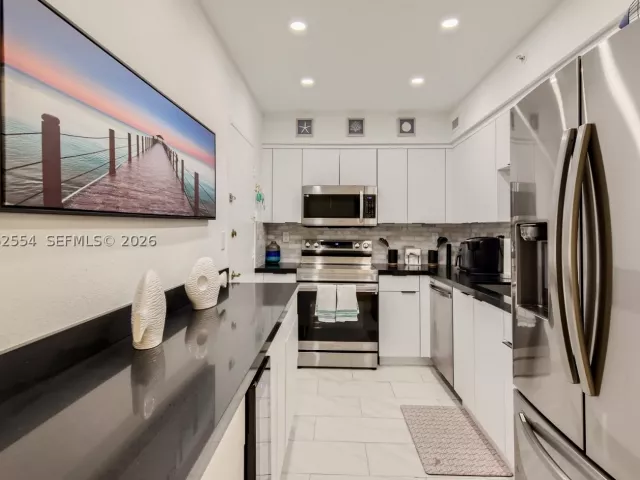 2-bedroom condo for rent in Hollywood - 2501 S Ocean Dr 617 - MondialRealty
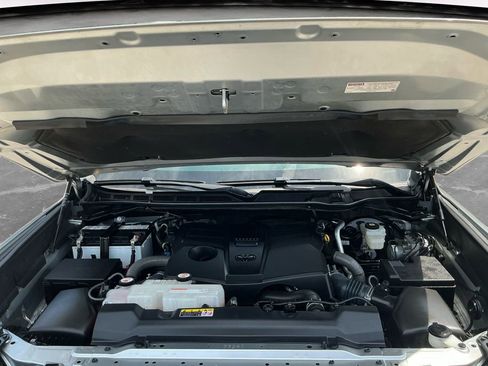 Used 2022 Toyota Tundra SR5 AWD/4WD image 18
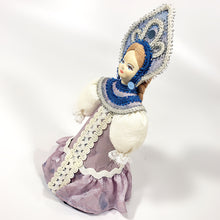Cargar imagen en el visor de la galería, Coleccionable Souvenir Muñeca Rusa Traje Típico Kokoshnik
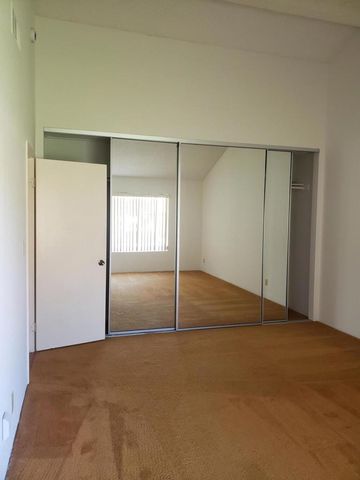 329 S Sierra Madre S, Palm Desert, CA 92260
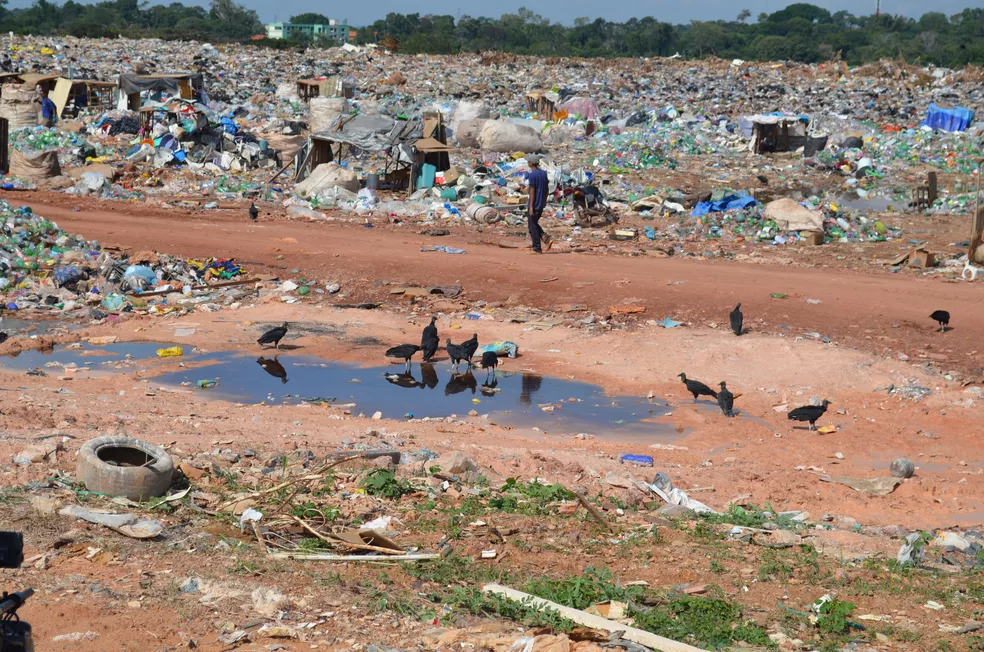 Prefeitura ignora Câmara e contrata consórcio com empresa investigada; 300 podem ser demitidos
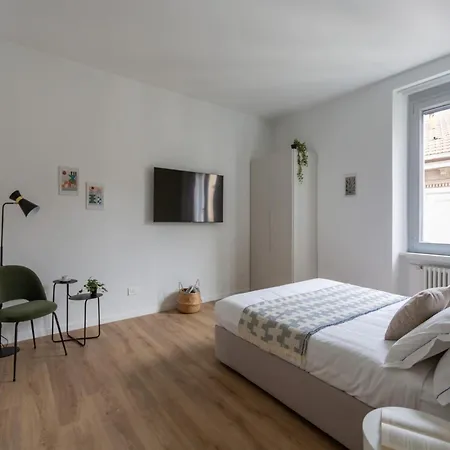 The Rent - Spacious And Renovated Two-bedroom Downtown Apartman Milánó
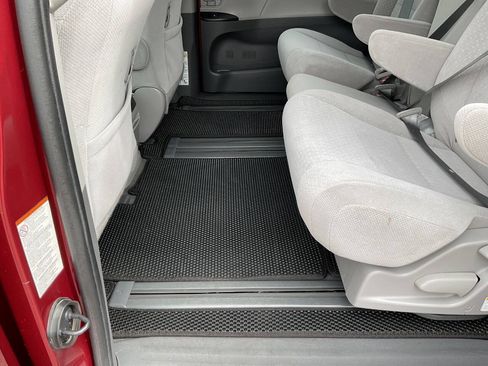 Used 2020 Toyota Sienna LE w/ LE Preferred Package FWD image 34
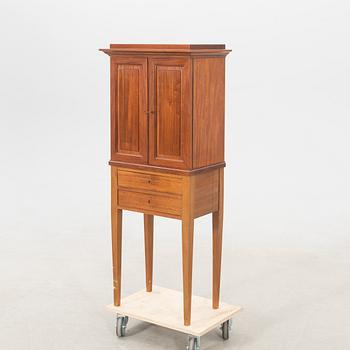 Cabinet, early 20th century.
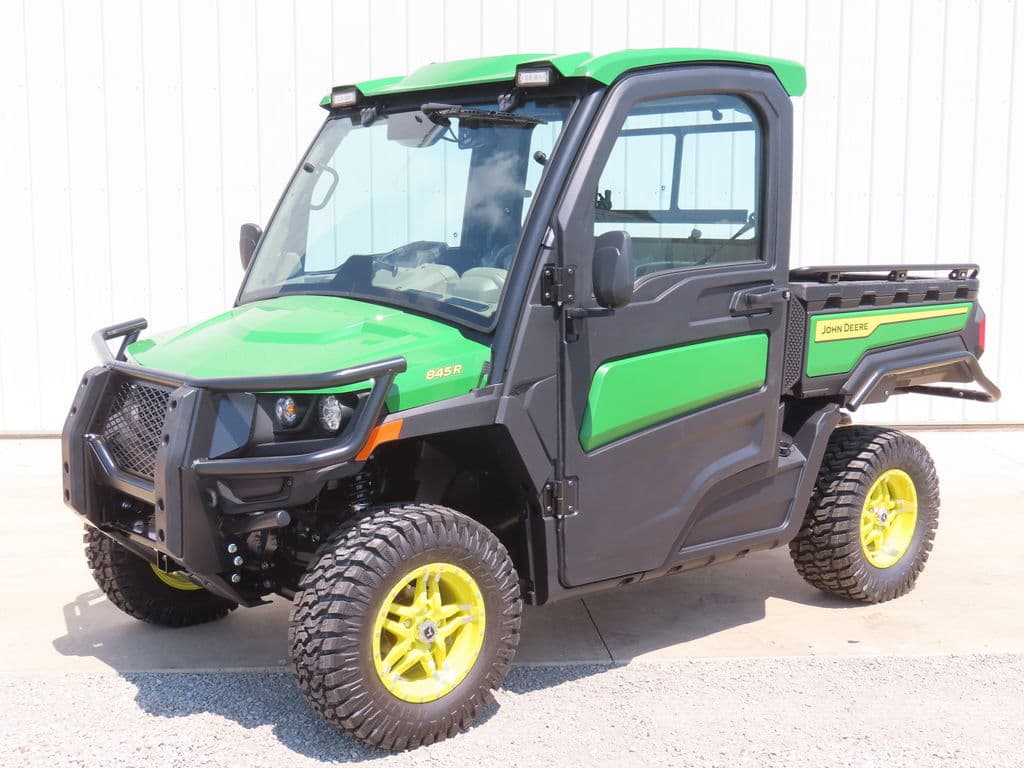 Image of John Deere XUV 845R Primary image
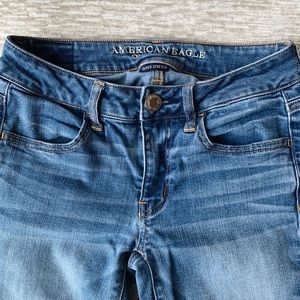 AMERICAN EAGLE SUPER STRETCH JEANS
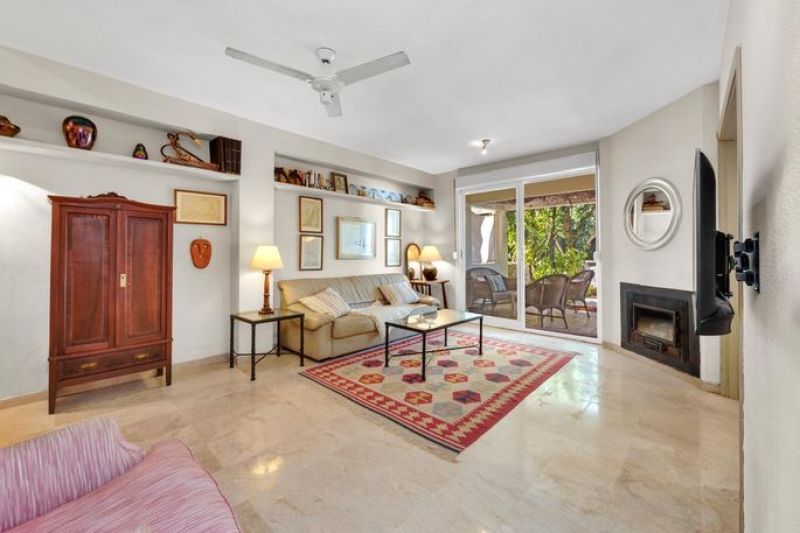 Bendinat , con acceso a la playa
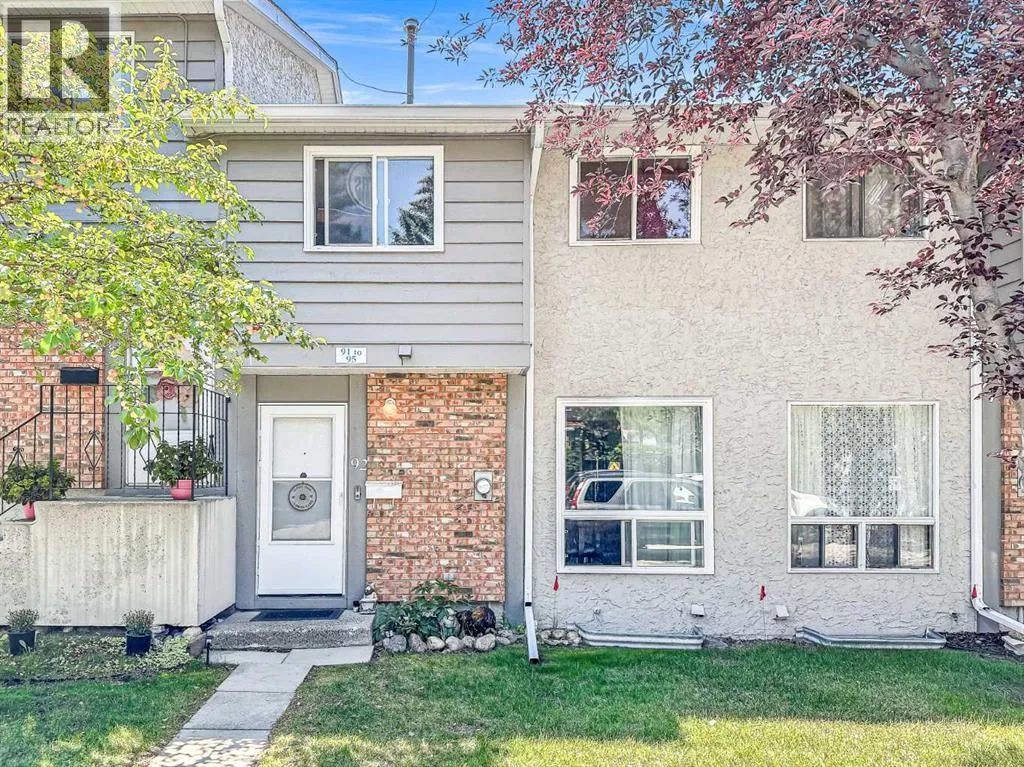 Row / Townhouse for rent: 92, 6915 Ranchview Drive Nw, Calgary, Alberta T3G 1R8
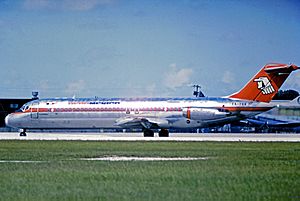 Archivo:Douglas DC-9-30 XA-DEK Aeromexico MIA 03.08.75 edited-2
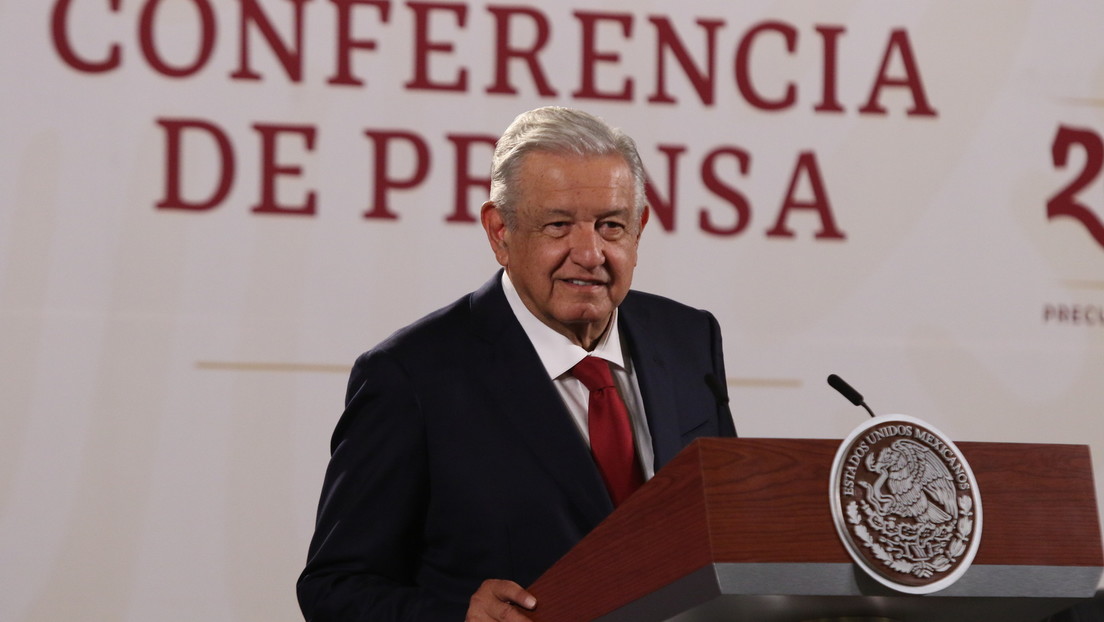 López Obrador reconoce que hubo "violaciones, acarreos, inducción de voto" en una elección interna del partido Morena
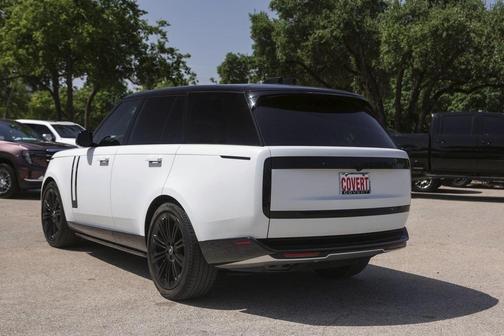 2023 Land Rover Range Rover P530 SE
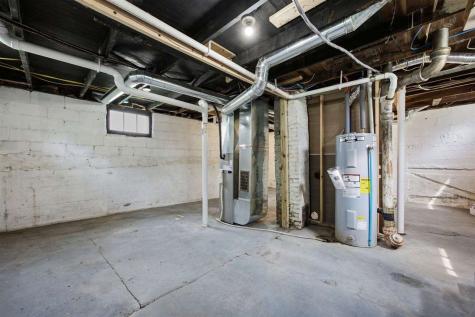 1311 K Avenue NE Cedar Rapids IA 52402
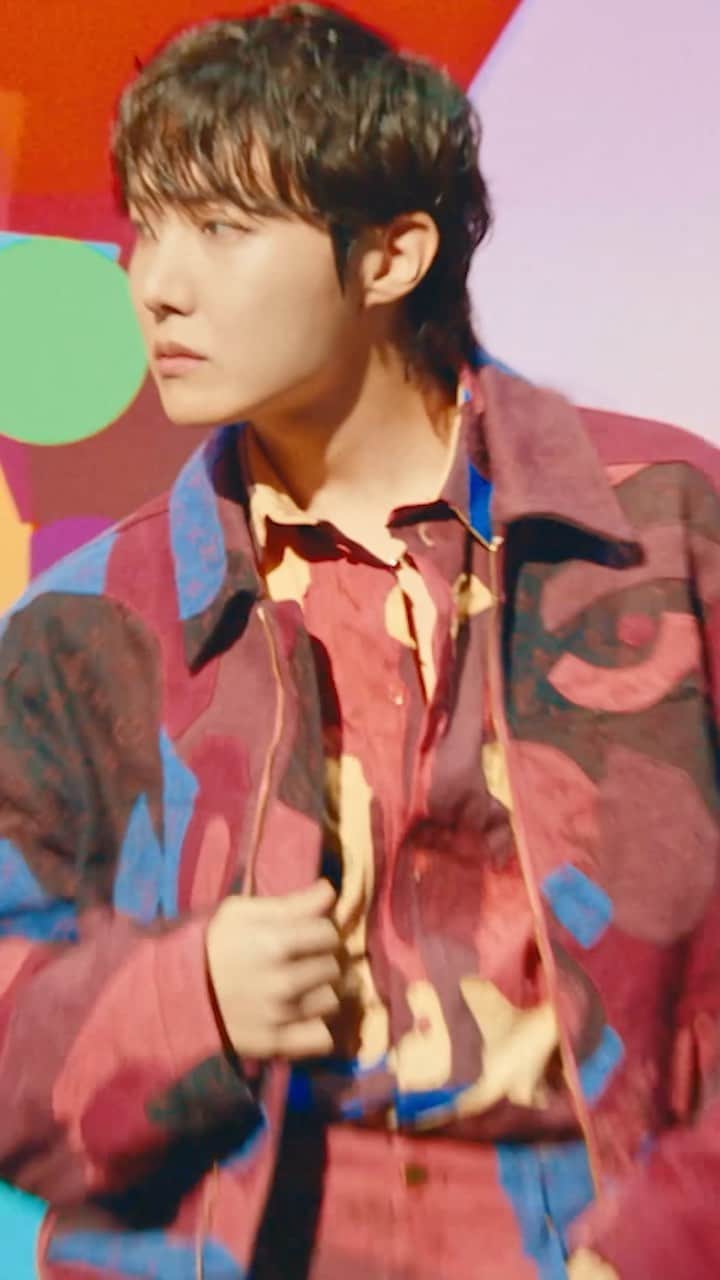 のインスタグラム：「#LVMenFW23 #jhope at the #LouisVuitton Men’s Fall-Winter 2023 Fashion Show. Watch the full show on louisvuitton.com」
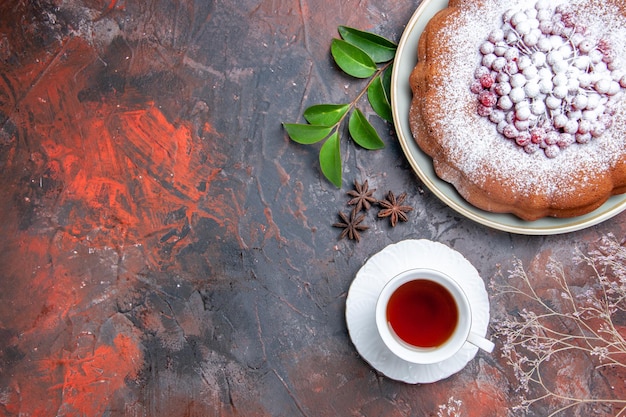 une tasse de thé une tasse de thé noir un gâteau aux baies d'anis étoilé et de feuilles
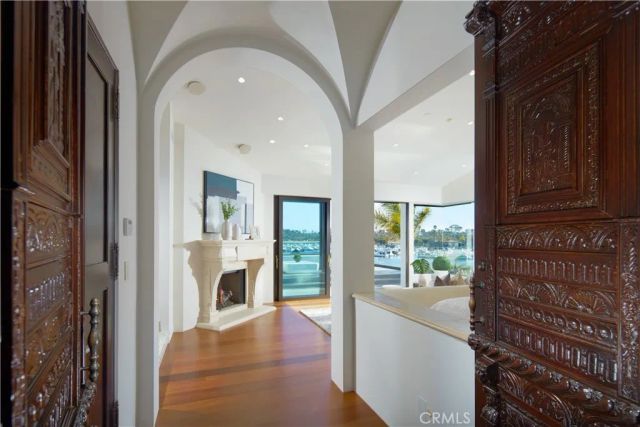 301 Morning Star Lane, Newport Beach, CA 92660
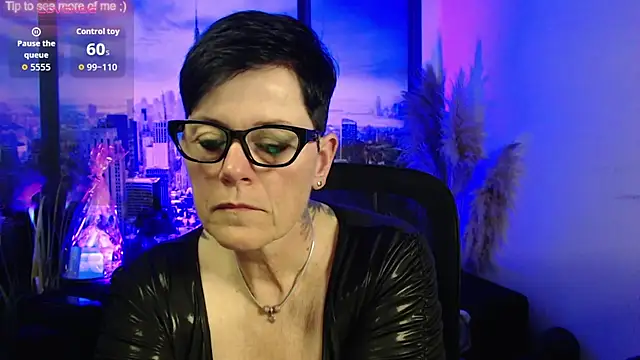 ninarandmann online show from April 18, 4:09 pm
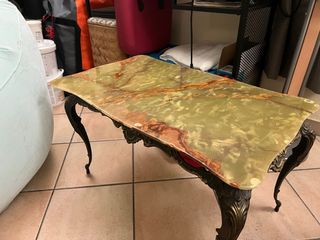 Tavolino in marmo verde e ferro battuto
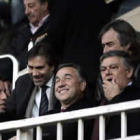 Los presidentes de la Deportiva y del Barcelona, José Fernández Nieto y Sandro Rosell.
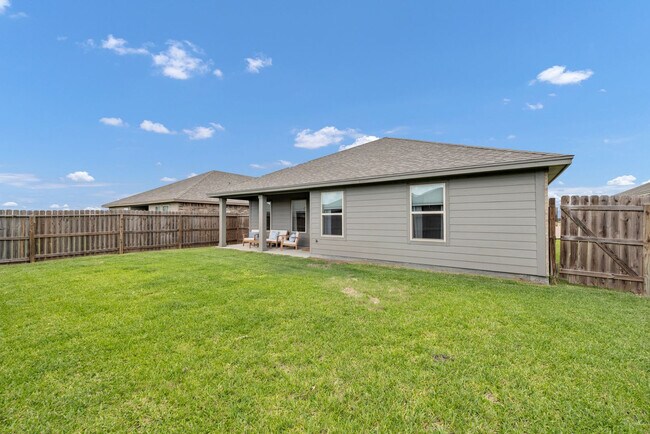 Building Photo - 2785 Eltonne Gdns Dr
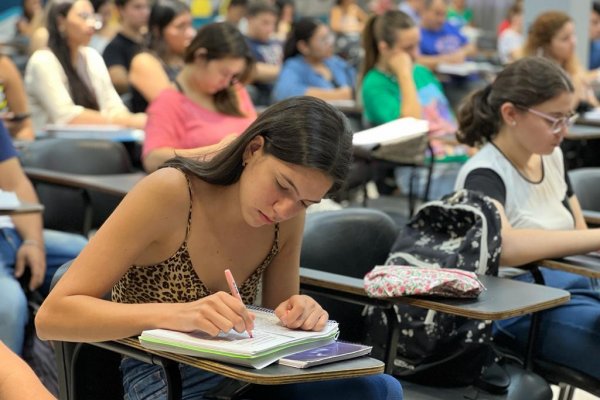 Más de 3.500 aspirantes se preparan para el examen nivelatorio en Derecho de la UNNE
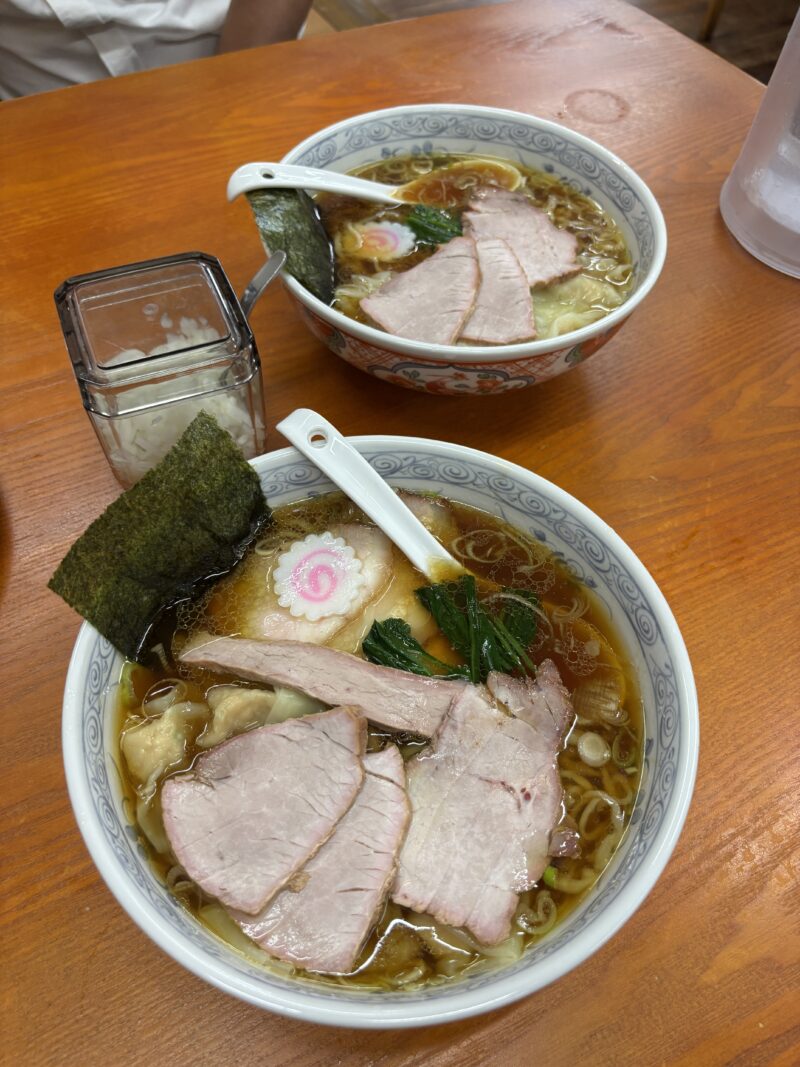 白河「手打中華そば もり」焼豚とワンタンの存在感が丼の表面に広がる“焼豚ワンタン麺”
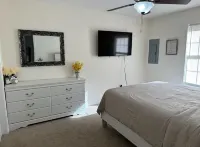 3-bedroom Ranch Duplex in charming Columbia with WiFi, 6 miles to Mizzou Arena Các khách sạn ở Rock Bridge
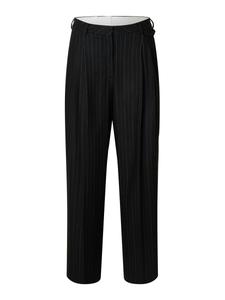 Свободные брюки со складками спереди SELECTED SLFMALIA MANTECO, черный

-=-=-=-=-

Starting at the first line of the records and stopping after the line with "のインスタグラム：「#LVMenFW23 #jhope at", copy each line exactly; pictures stay out.

Task answer:
 2-bedroom condo for rent in Hollywood - 2501 S Ocean Dr 617 - MondialRealty
 Used 2022 Toyota Tundra SR5 AWD/4WD image 18
Cargar imagen en el visor de la galería, Coleccionable Souvenir Muñeca Rusa Traje Típico Kokoshnik
 329 S Sierra Madre S, Palm Desert, CA 92260
 Prefeitura ignora Câmara e contrata consórcio com empresa investigada; 300 podem ser demitidos
 The Rent - Spacious And Renovated Two-bedroom Downtown Apartman Milánó
 Used 2020 Toyota Sienna LE w/ LE Preferred Package FWD image 34
 Cabinet, early 20th century.
 Image of John Deere XUV 845R Primary image
 AMERICAN EAGLE SUPER STRETCH JEANS
 Bendinat , con acceso a la playa
 Row / Townhouse for rent: 92, 6915 Ranchview Drive Nw, Calgary, Alberta T3G 1R8
 Archivo:Douglas DC-9-30 XA-DEK Aeromexico MIA 03.08.75 edited-2
 López Obrador reconoce que hubo "violaciones, acarreos, inducción de voto" en una elección interna del partido Morena
 2023 Land Rover Range Rover P530 SE
 1311 K Avenue NE Cedar Rapids IA 52402
 のインスタグラム：「#LVMenFW23 #jhope at the #LouisVuitton Men’s Fall-Winter 2023 Fashion Show. Watch the full show on louisvuitton.com」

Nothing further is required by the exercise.